*Exercise prompt*.
Word for word, quote the lines from the one containing "education south salt" to the end of the entries below, including both. Leave pictures out.

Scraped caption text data

BEGIN

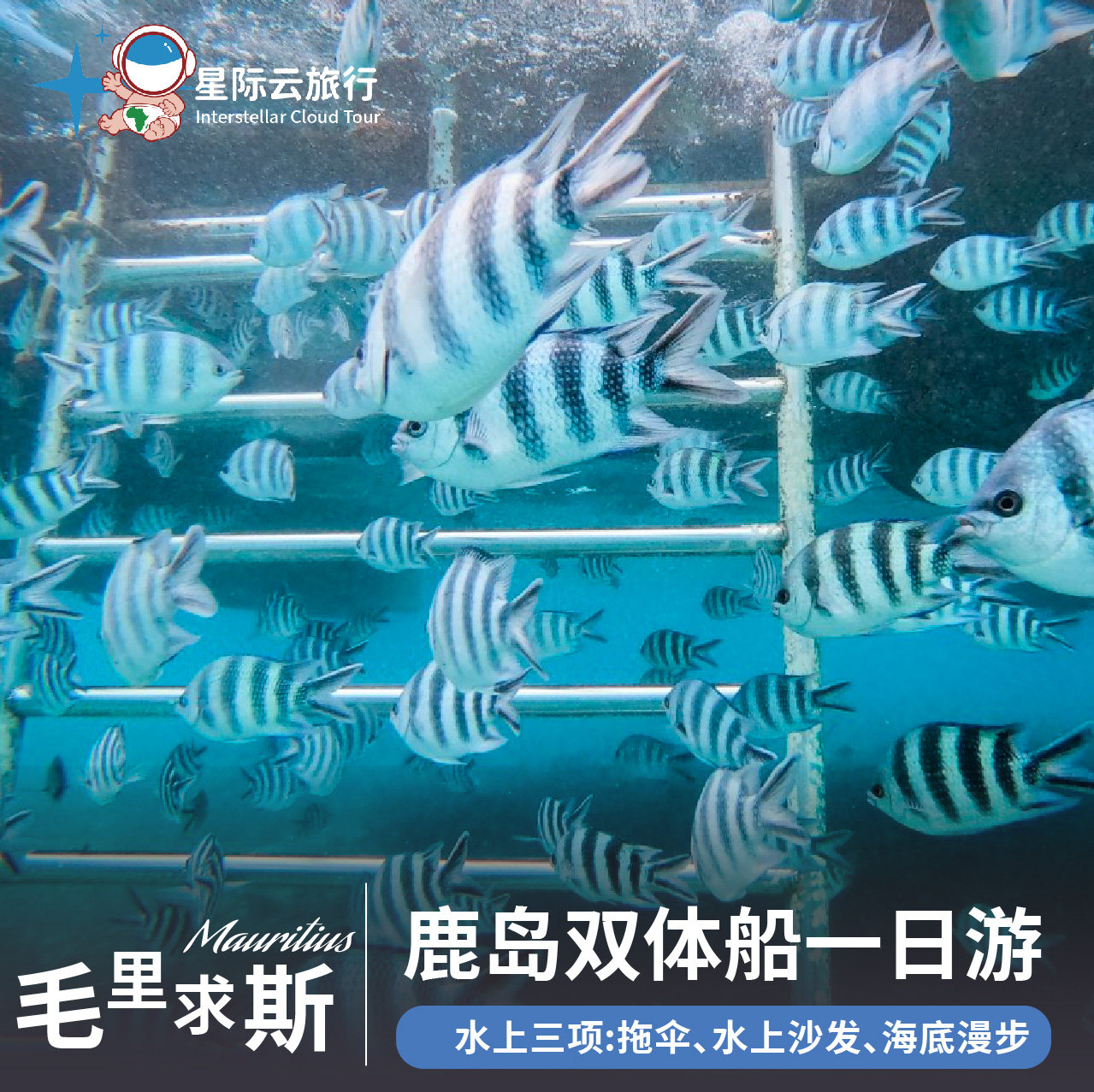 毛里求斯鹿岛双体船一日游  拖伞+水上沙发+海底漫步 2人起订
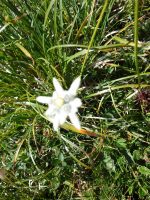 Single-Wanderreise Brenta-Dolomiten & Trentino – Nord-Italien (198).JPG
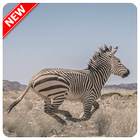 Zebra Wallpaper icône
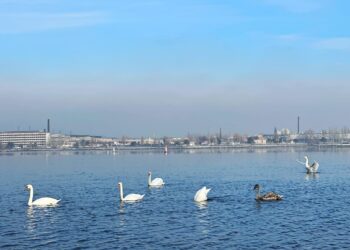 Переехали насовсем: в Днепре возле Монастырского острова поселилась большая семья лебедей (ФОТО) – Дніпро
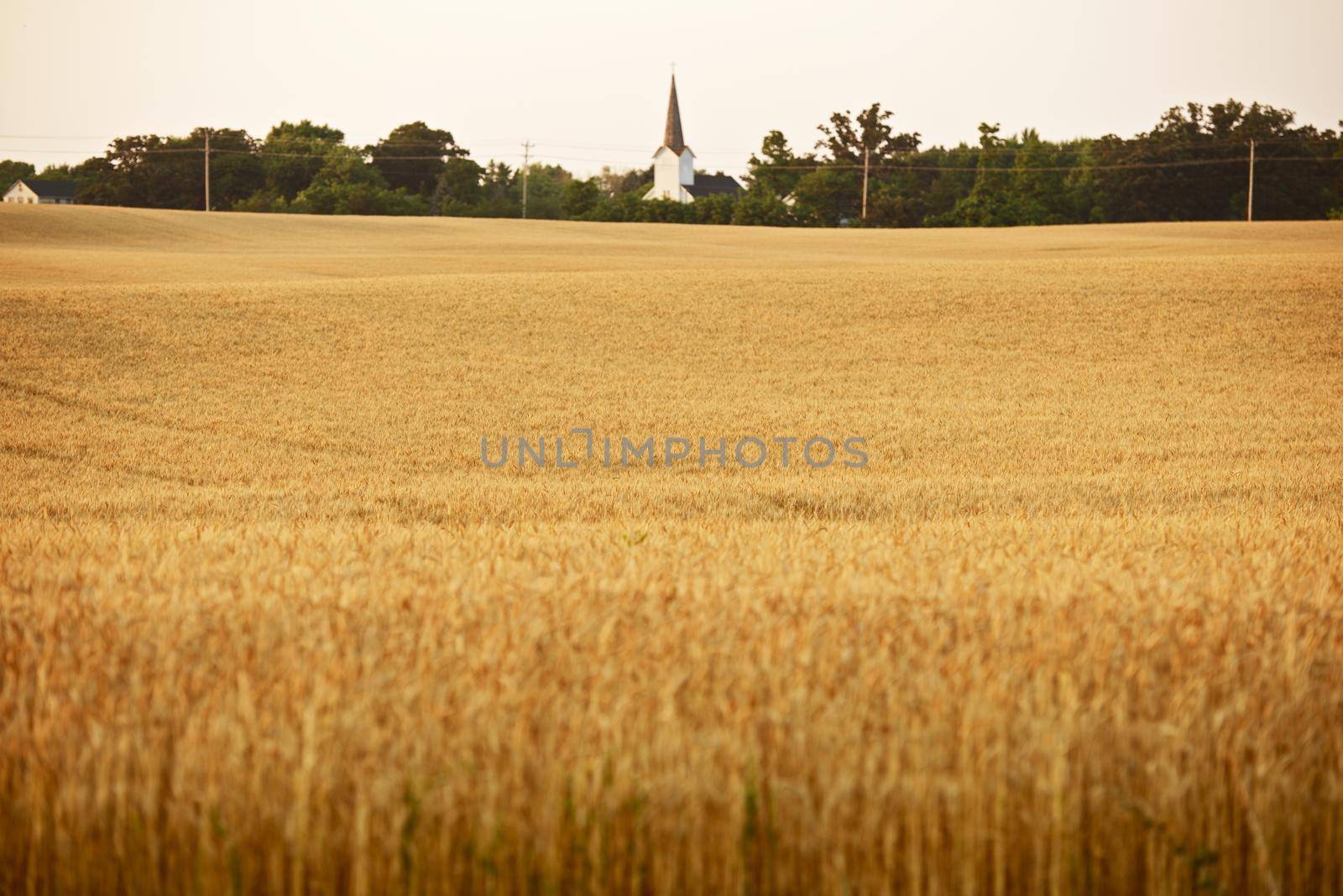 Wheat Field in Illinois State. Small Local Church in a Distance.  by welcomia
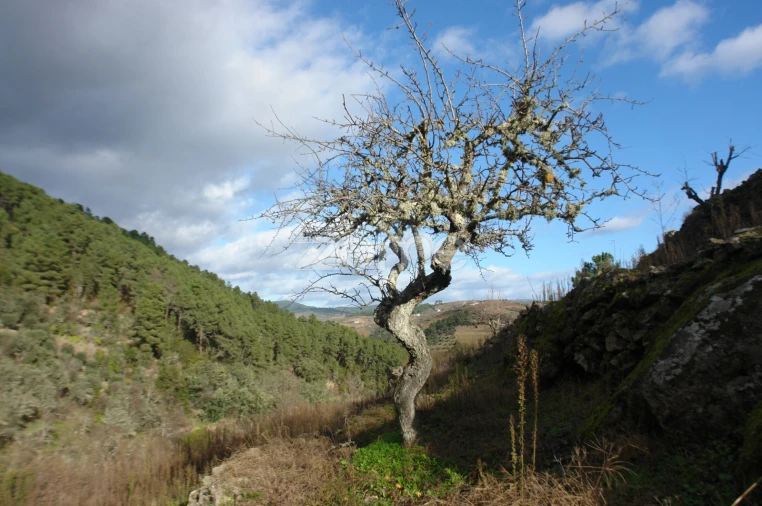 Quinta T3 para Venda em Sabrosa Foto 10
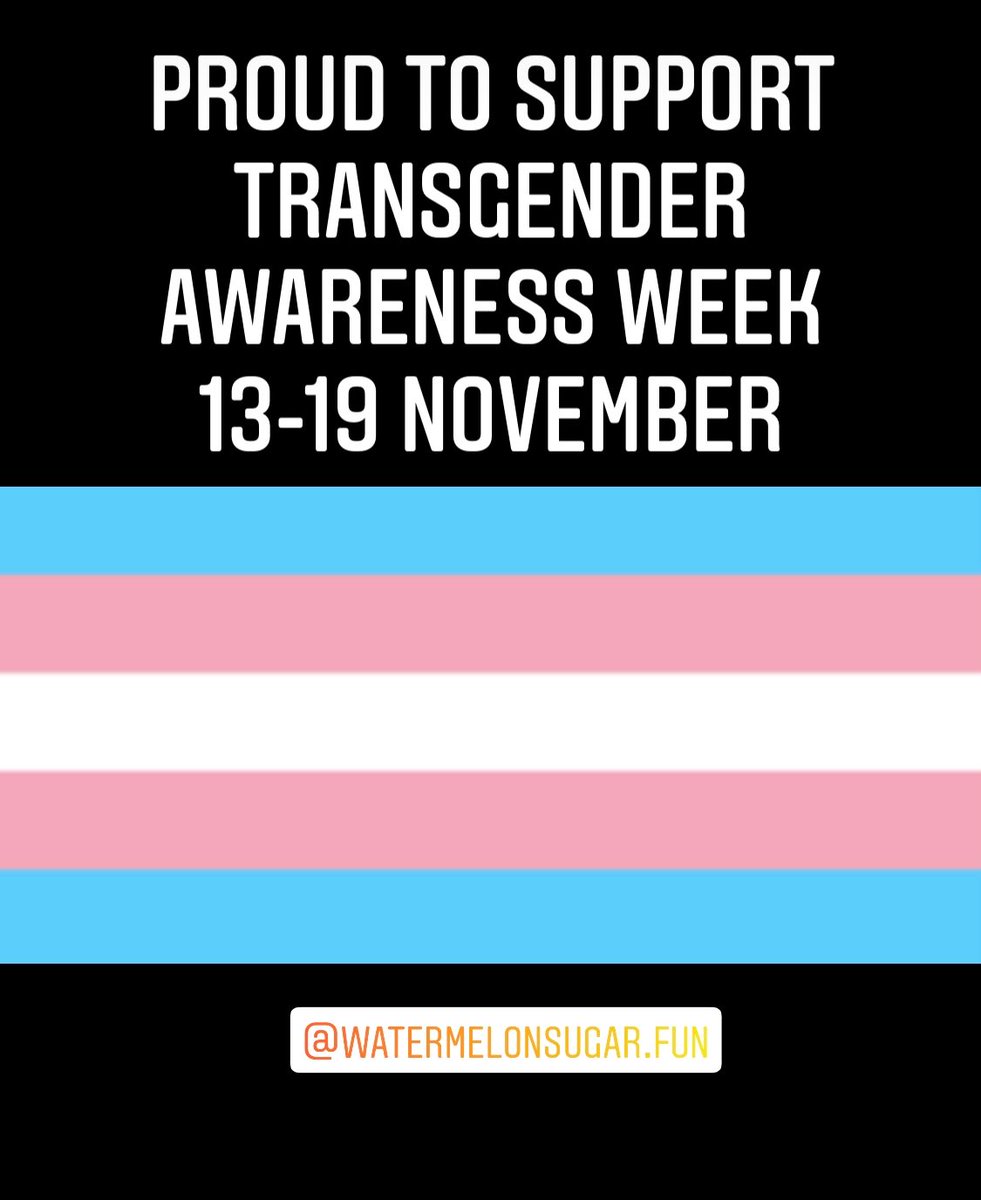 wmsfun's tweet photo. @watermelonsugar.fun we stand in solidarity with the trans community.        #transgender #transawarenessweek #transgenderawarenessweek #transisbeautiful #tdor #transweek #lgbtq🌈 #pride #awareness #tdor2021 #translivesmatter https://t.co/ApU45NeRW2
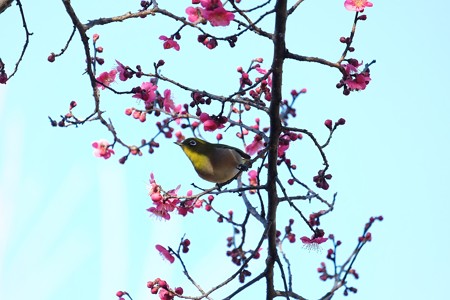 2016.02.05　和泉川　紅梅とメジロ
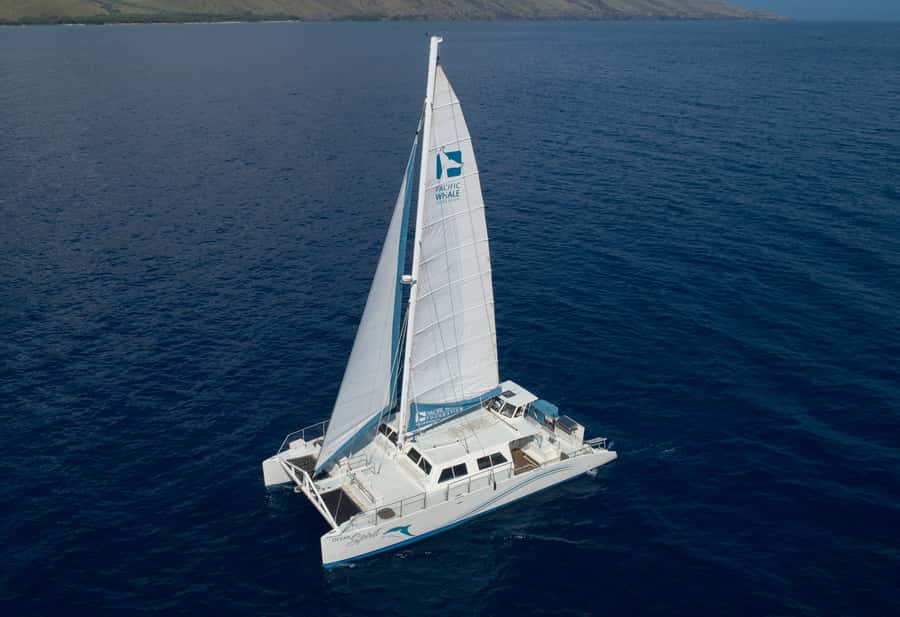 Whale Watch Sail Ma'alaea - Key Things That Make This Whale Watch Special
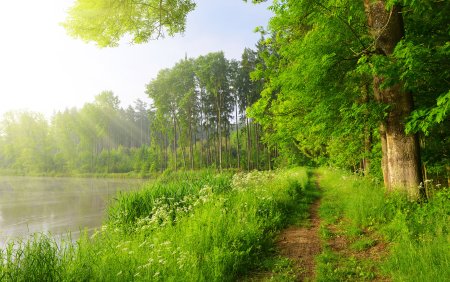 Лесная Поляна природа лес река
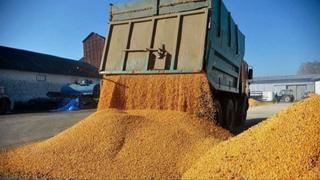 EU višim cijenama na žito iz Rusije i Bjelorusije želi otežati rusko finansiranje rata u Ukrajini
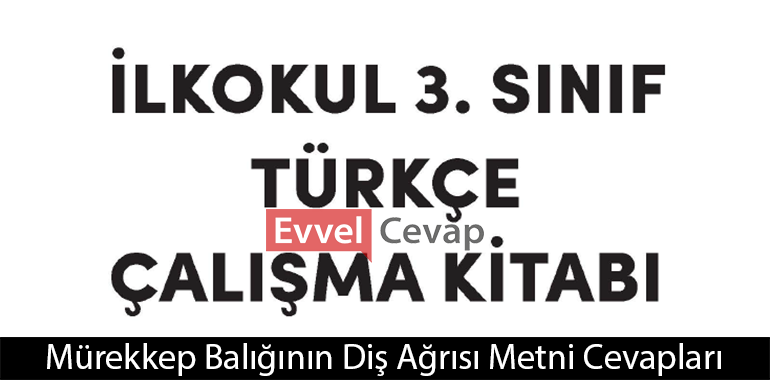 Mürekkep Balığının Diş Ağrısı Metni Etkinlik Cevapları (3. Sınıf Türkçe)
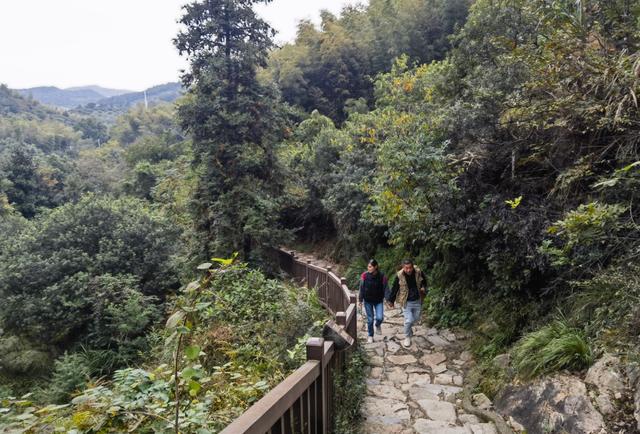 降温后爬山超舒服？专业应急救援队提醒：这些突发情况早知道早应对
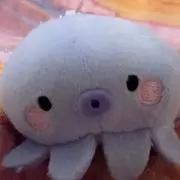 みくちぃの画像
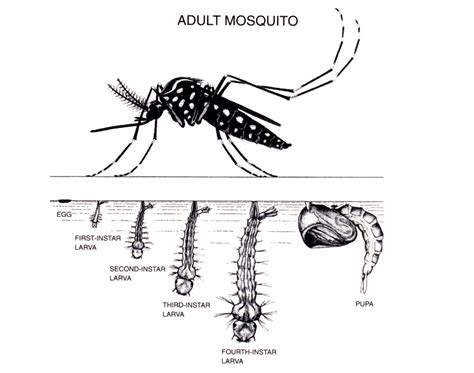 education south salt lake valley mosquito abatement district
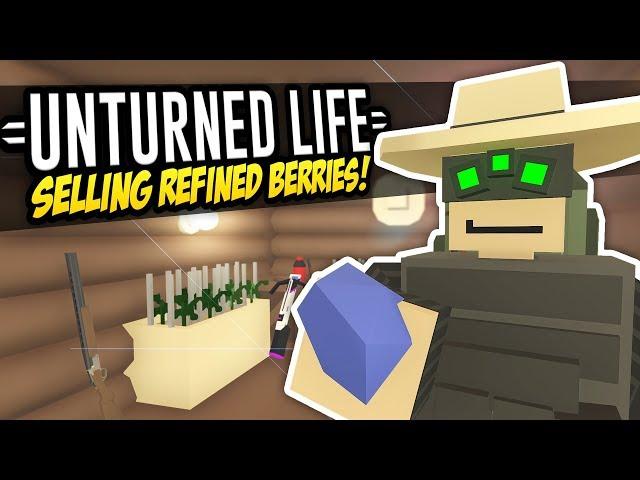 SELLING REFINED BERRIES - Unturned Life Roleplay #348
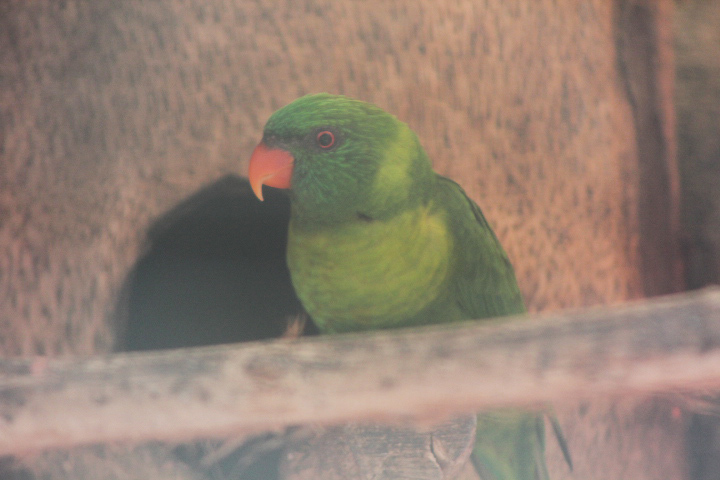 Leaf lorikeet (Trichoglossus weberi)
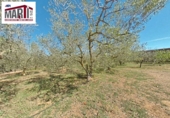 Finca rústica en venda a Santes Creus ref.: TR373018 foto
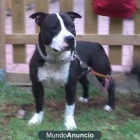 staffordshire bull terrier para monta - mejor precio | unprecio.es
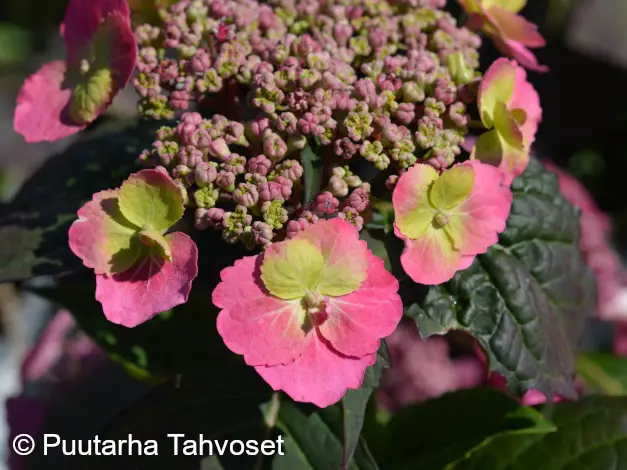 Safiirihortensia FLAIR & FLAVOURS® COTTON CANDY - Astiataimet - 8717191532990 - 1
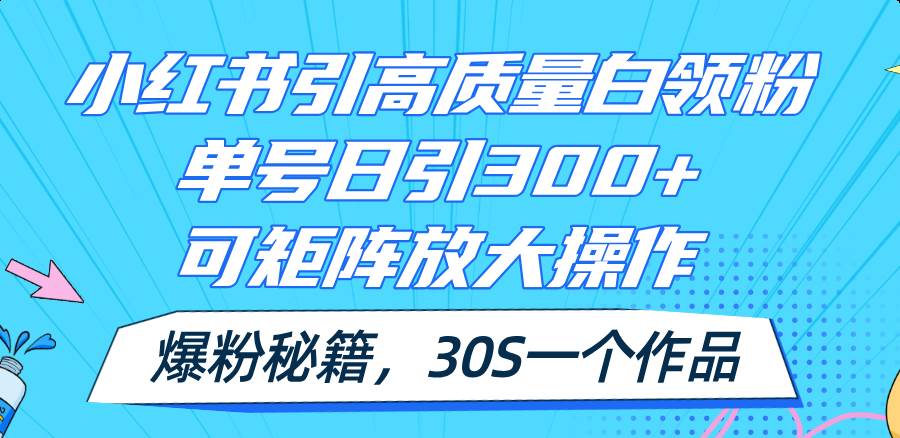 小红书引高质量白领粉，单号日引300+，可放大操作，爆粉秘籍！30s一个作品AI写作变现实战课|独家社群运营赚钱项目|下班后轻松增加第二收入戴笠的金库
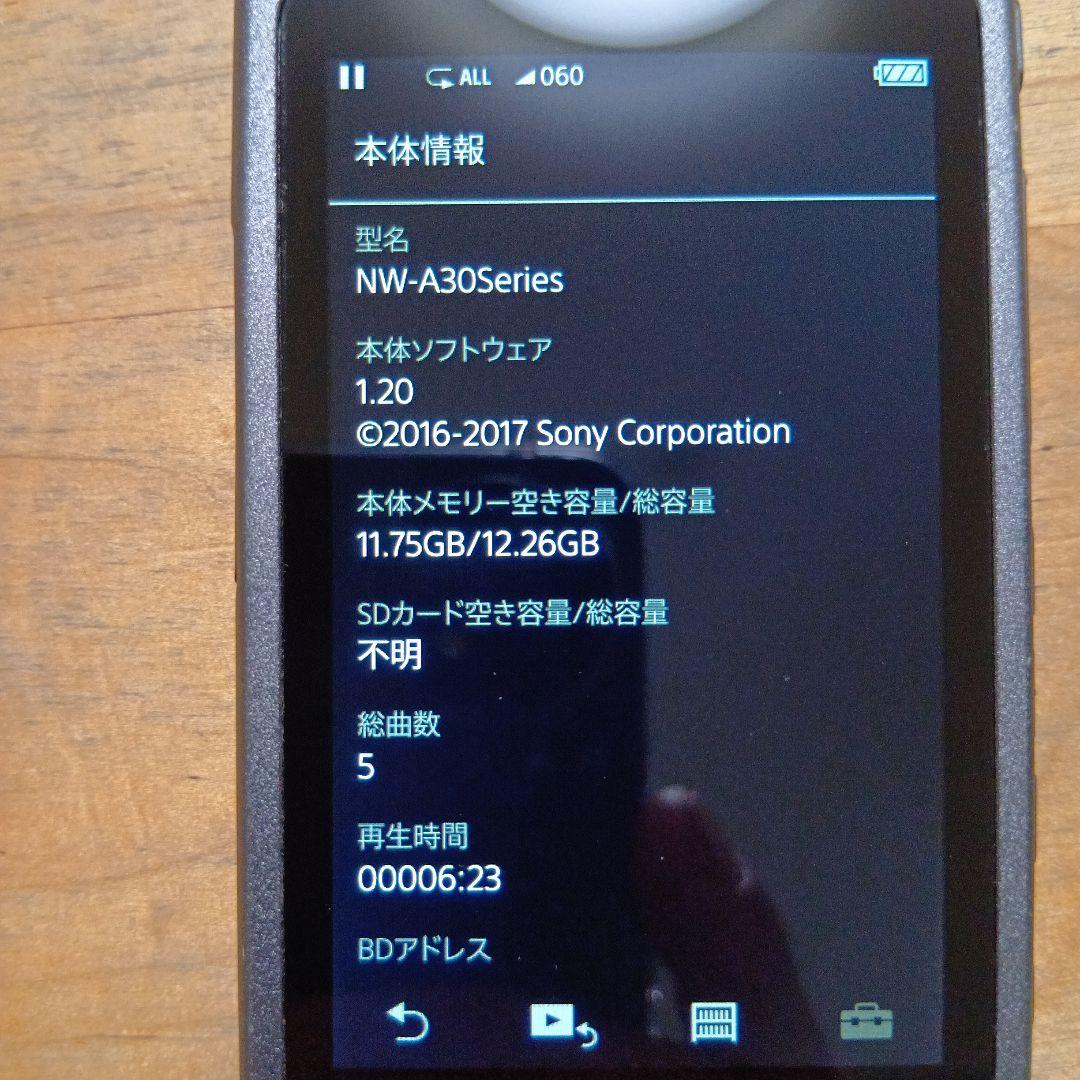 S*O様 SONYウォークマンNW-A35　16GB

END

*Result of the task*.
 education south salt lake valley mosquito abatement district
 SELLING REFINED BERRIES - Unturned Life Roleplay #348
 Leaf lorikeet (Trichoglossus weberi)
 Finca rústica en venda a Santes Creus ref.: TR373018 foto
 staffordshire bull terrier para monta - mejor precio | unprecio.es
 Safiirihortensia FLAIR & FLAVOURS® COTTON CANDY - Astiataimet - 8717191532990 - 1
 小红书引高质量白领粉，单号日引300+，可放大操作，爆粉秘籍！30s一个作品AI写作变现实战课|独家社群运营赚钱项目|下班后轻松增加第二收入戴笠的金库
 S*O様 SONYウォークマンNW-A35　16GB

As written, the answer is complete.